On the heals of the fantastic AirPods Pro, Apple has just released the Beats Solo Pro, a set of $299 on-ear headphones that competes with similar headphones by Bose and Sony. Even though Apple acquired Beats a few years back, both brands have always been seen as separate. But the Beats Solo Pro should be called the Apple Solo Pro because it is certainly operates like an Apple Product inside and out.
The Solo Pro headphones come in several matte colors. These are no longer the flimsy built Beats headphones of the past; they are still built with plastic and aluminum, but feel very sturdy. In fact, even though I slept with them, which caused parts to move in all directions, there is not one sign of the headphone creaking Beats (and even Bose) is known for.

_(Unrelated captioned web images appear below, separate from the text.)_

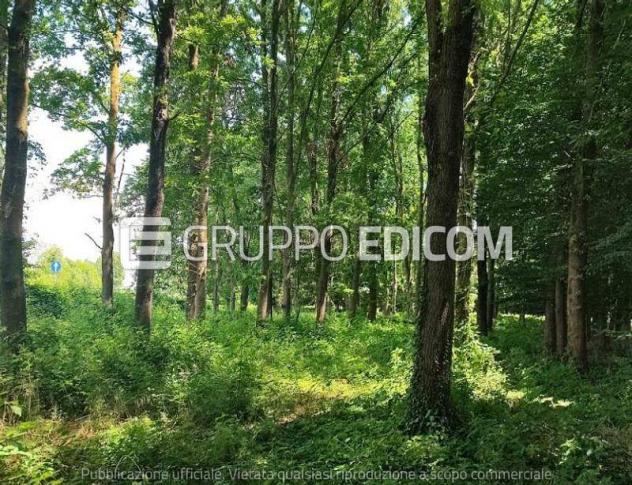Terreno di 34378 mq in vendita a Treviso - Rif. 4550468 - Foto 5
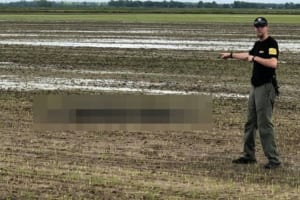 通報を受けて保安官が田んぼに駆けつけると、そこには信じがたい光景が！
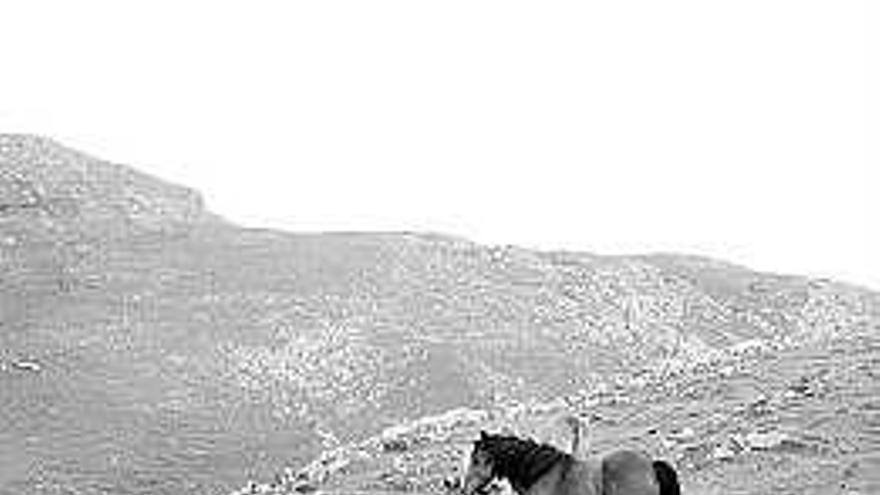 Ganado en los pastos de la sierra del Aramo.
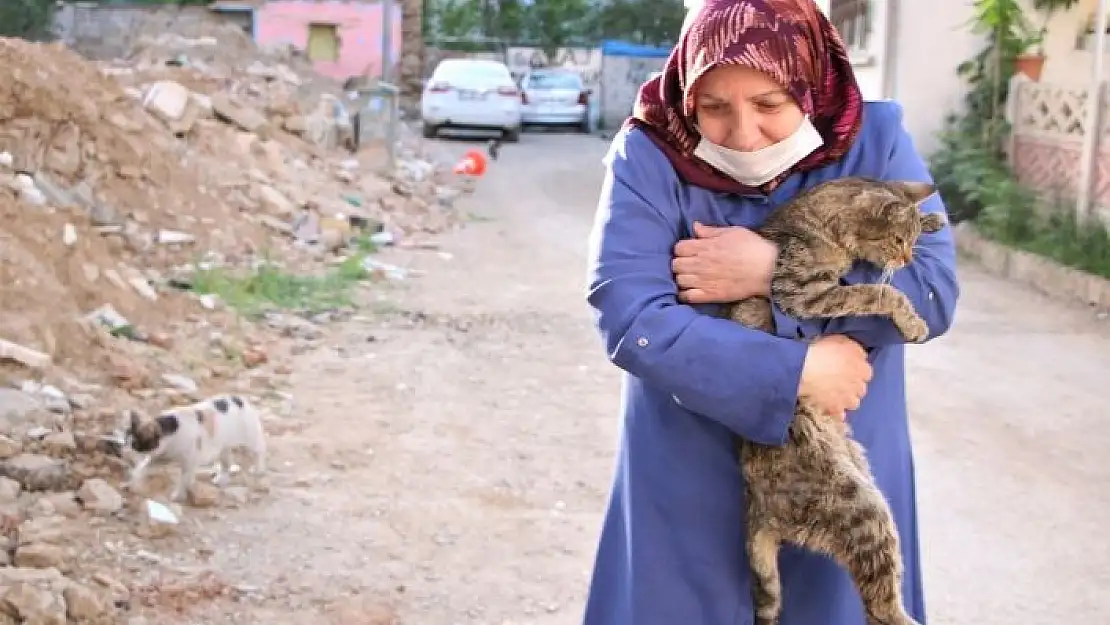 'Çocukları vefat eden Fatma teyze, 35 kediye anne şefkatiyle bakıyor'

They are small compared to other headphones and fit on your ears rather than over your ears. But if you get get a great fit, you won’t miss your over-the-ear headphones one single bit.
Beats headphones have never been known for their fantastic noise cancellation. The Beats Studio 3, released two years ago, made some steps in offering legit noise cancellation, but produced too much of a hiss and didn’t block out enough noise. There is still a hiss in the Solo Pro cans, but it’s less quiet. What’s important is that the noise cancellation is excellent — it’s right on par with the AirPods Pro. It lags a little behind the Bose NC 7oo headphones, but those also cost $100 more.

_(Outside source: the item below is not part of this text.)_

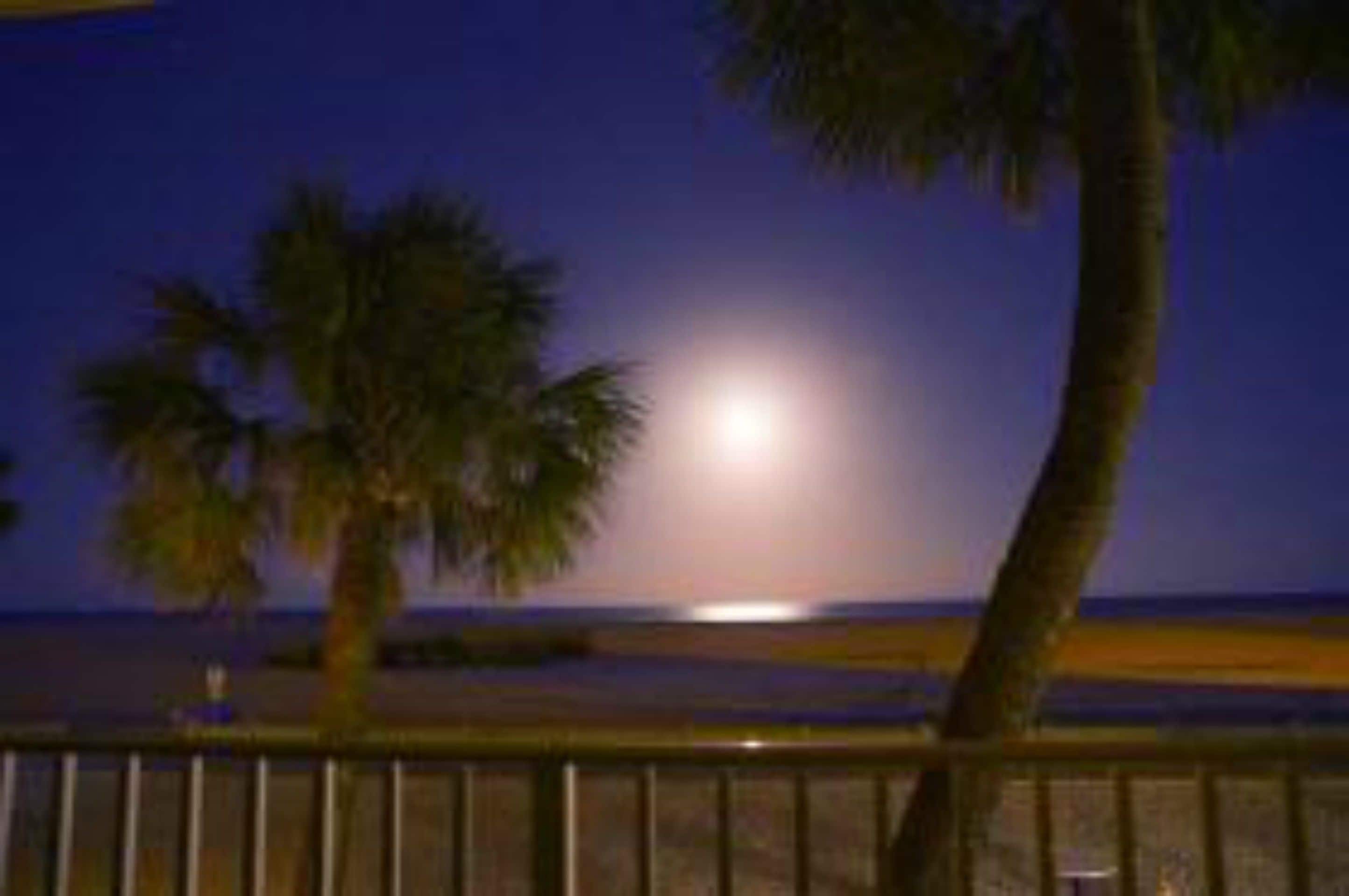 A nighttime beach scene with a visible moon, palm trees, and a railing.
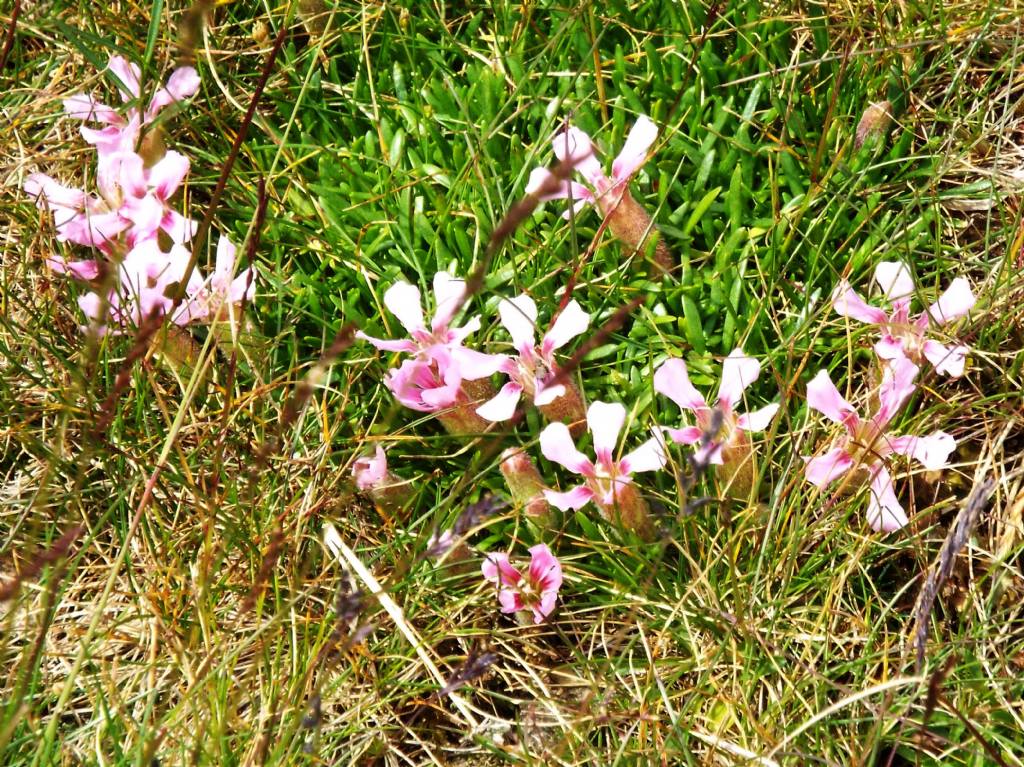 Saponaria pumila  (Caryophyllaceae)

The noise cancellation on these Beats headphones has made the Solo Pro cans my go-to sleeping headphones. At first try, they felt annoying. But I barely noticed they were on through the night.

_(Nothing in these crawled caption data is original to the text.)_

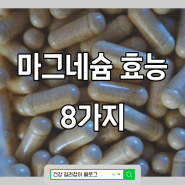 마그네슘 효능 8가지 정확히 알고 복용하세요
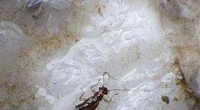 Western Glacier Stonefly Range Expanded in Wyoming - University of Wyoming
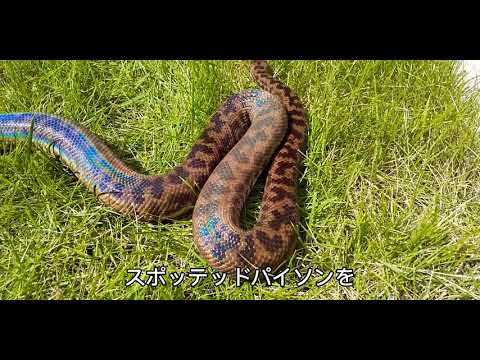 小型のニシキヘビ スポッテッドパイソン(spotted Python)を紹介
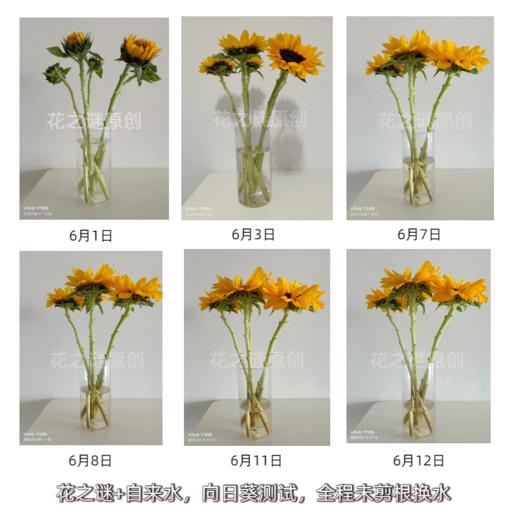 “花之谜”通用型鲜花保鲜剂10包/袋 商品图5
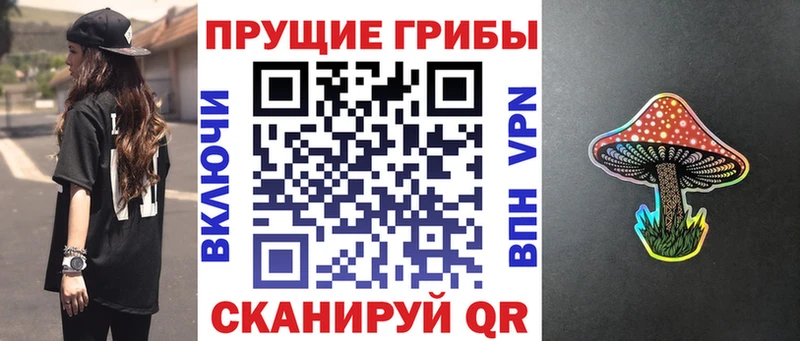 Псилоцибиновые грибы Psilocybe  ОМГ ОМГ ссылки  Приозерск 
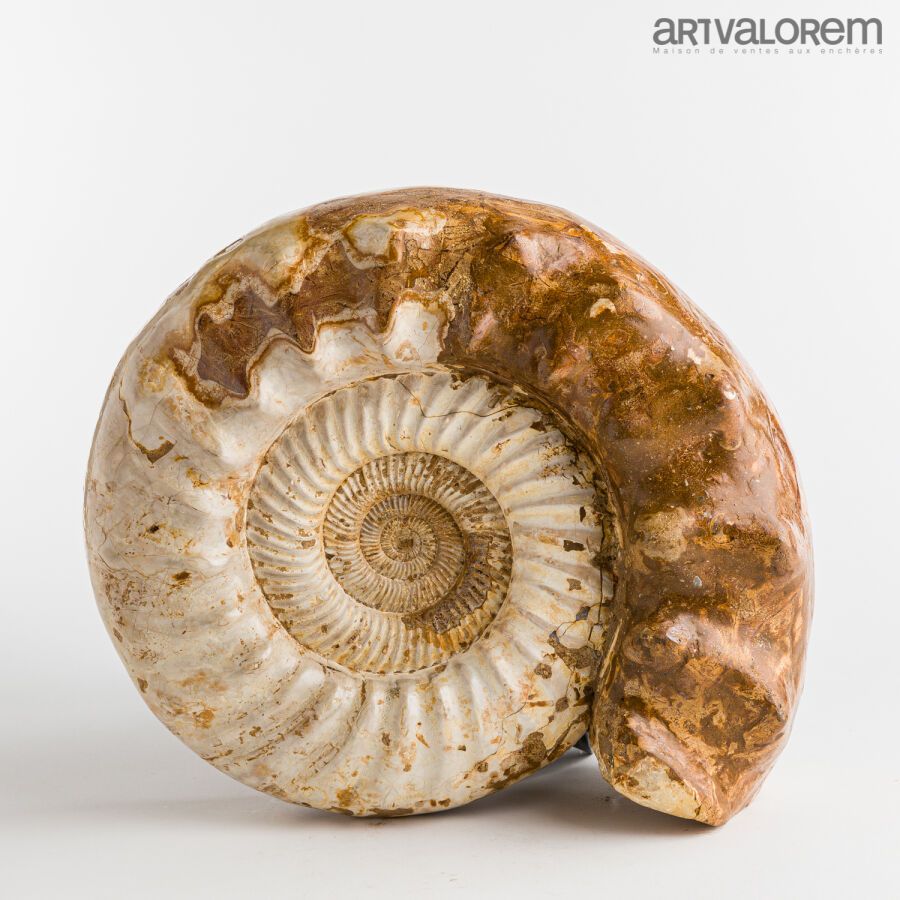 Null Ammonite de Madagascar, belle patine.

This is more proof that Apple engineers are fully involved in Beats products now. Transparency Mode allows outside noises to come through as if you don’t have the headphones on. On most products, Transparency Mode sounds tinny and unnatural. However, this isn’t the case with the Solo Pro cans, which sound exactly the same in Transparency Mode as the AirPod Pros sound.
Beats has always had a controversial soundstage with a huge emphasis on bass. This has changed over the years, and now, the Beats have more of a “V” shaped sound spectrum. The bass is prevalent, but so is the treble. The Pros are good for listening to a variety of music styles.
I’ve tested the headphones with Dr. Dre, Madonna, Phil Collins, The Beatles, and even Donna Summer, and the music listening experience passes with flying colors. My only issue is that the mids are recessed a little too much, but it’s not a deal killer.
If call quality is the most important thing about your headphones, you are better off with the Bose NC 700. However, the Beats Solo Pro call quality is certainly above average when you position the headset in the right place. When the pads settled slightly above my ear to the rear, the phone quality was dismal. However, just an inch of movement to the lower center made things sound a lot better.
The positioning of the headphones is especially important in noisy environments, where even a half an inch can make a big difference. The Solo Pros will pick up ambient noise, but not enough to make you sound inaudible to your caller. It will help if you speak slightly louder than usual no matter where you are.
Those who have ignored Beats in the past because of their style-over-substance reputation may want to get past their prejudice, which certainly had validity just three years ago. In 2019, the Beats Solo Pro is an Apple product that has quality written inside and out.